The Commission adopted a tariff of ₹2.63 (~$0.031)/kWh, with a trading margin of ₹0.07 (~$0.0008)/kWh. It also approved the 25-year power sale agreement (PSA) executed between MSEDCL and SECI.
Background
MSEDCL filed a petition seeking approval for long-term procurement of solar power to meet its rising renewable purchase obligation (RPO) target which is set to increase from 29.91% in the financial year (FY) 2024–25 to 43.33% by FY 2029–30.
In June 2024, SECI offered an allocation of 3,000 MW of solar capacity under ISTS Solar Tranche-XIII and XIV, through tariff-based competitive bidding.
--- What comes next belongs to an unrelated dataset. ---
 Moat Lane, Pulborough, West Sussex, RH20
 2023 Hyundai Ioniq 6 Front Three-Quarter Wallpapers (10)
MSEDCL issued an in-principle consent for the procurement of the entire capacity at discovered tariffs ranging from ₹2.56 (~$0.030) to ₹2.58 (~$0.031)/kWh.
After an internal evaluation, MSEDCL found that only 700 MW of the allocated capacity to JSW Neo Energy was commercially viable. The project is proposed to be set up in Maharashtra and connected to the ISTS network, resulting in a landed tariff of ₹2.63 (~$0.031)/kWh.
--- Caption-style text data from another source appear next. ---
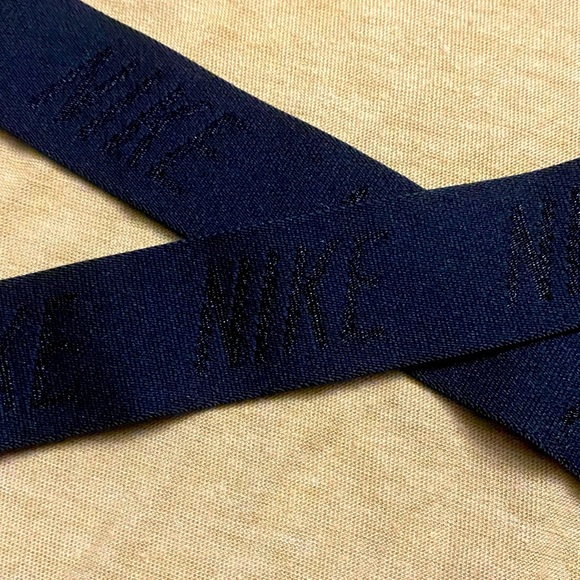 Nike Dri-Fit Women’s Strappy Tank Top Size Small - Picture 4 of 6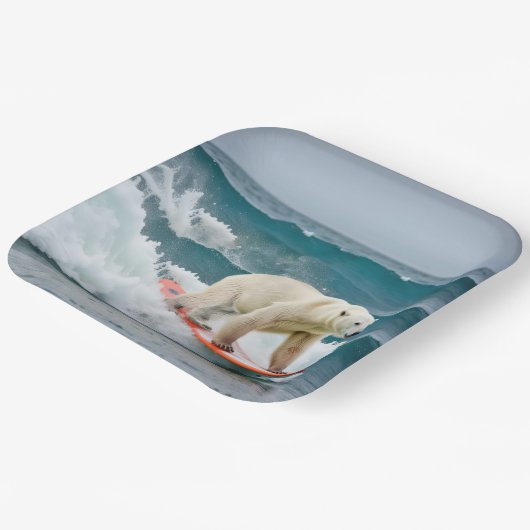 Polarbär auf einem Surfbrett Pappteller (Gewinkelt)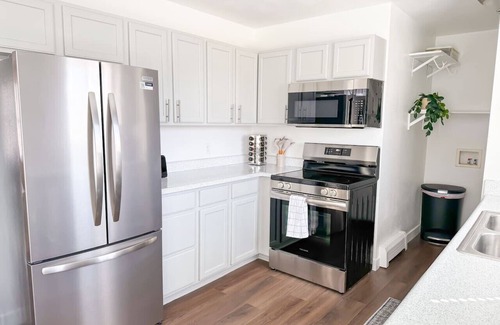 Sheridan House | Modern 3BR Near Littleton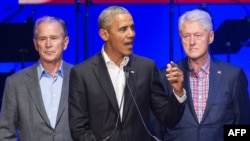 Mantan Presiden AS Barack Obama (tengah), George W. Bush (kiri) dan Bill Clinton (kanan) di Collège Station, Texas, 21 Oktober 2017. (Foto: dok). 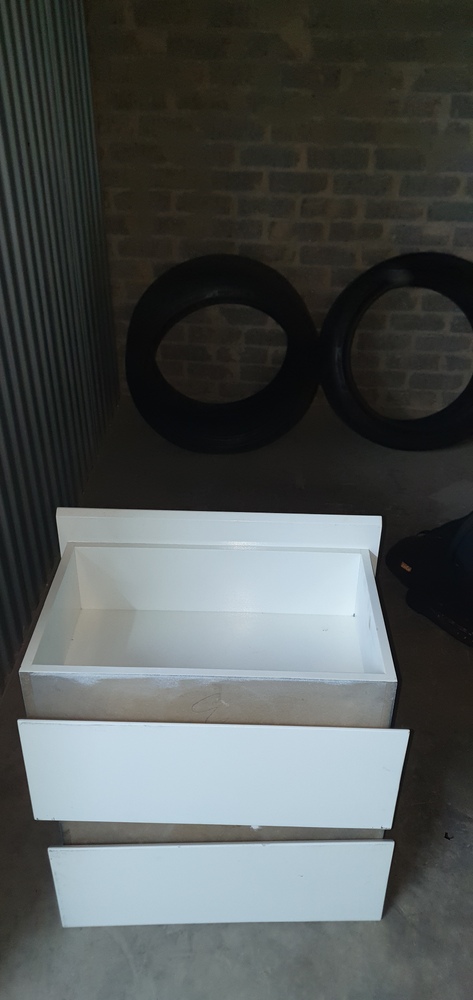 Sunninghill - L035 Storage Facility auction IB-3191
MSEDCL submitted that as of September 30, 2024, it had contracted 25,569 MW of renewable capacity, of which only 10,431 MW had been commissioned, highlighting the need for additional long-term procurement.
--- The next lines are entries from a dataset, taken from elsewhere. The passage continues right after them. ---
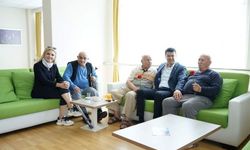 Özçelik bayramda huzurevi sakinlerini unutmadı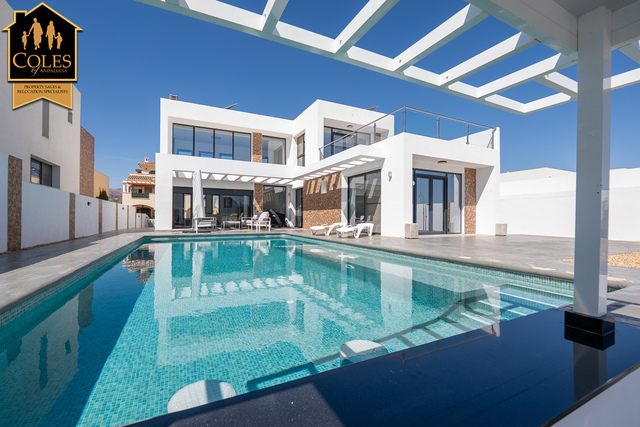 GAL3VHN17: Villa for Sale in Los Gallardos, Almería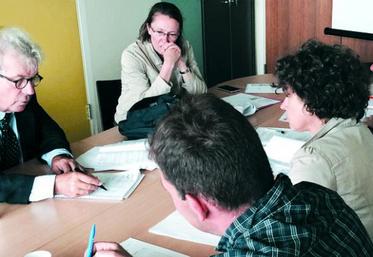 De gauche à droite : Jérôme Bignon, sénateur de la Somme, Patricia Poupart, membre de la Chambre d’agriculture, Simon Catteau, président de la commission environnement de la Fdsea, Françoise Crété, présidente de la Fdsea et Olivier Faict, président de la commission environnement de la Chambre d'agriculture.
It also pointed out that the discovered tariff of ₹2.56 (~$0.030)/kWh, excluding trading margin, was significantly lower than its average power purchase cost of ₹4.82 (~$0.058)/kWh for FY 2023–24 and had already been adopted by the Central Electricity Regulatory Commission for the broader Tranche-XIII projects.
Commission’s Analysis
MERC examined the quantum of procurement, the competitiveness of the tariff, the applicability of the trading margin, and the utilization of solar power. It noted that the proposed 700 MW procurement had been factored into MSEDCL’s resource adequacy plan and was consistent with projections made by the Central Electricity Authority’s resource adequacy studies.
On tariff, MERC observed that the rate was discovered through a transparent competitive bidding process conducted by SECI and that its role was limited to adoption of the tariff rather than re-determination.
The trading margin of ₹0.07 (~$0.0008)/kWh was found to be in line with applicable regulations governing competitive bidding and trading licenses.
The Commission examined MSEDCL’s submissions regarding its preparedness to absorb solar power, particularly during non-solar hours. MERC concluded that these measures were adequate to manage variability and ensure grid stability.
Based on its findings, the Commission approved the procurement of 700 MW of solar power from SECI at the adopted tariff.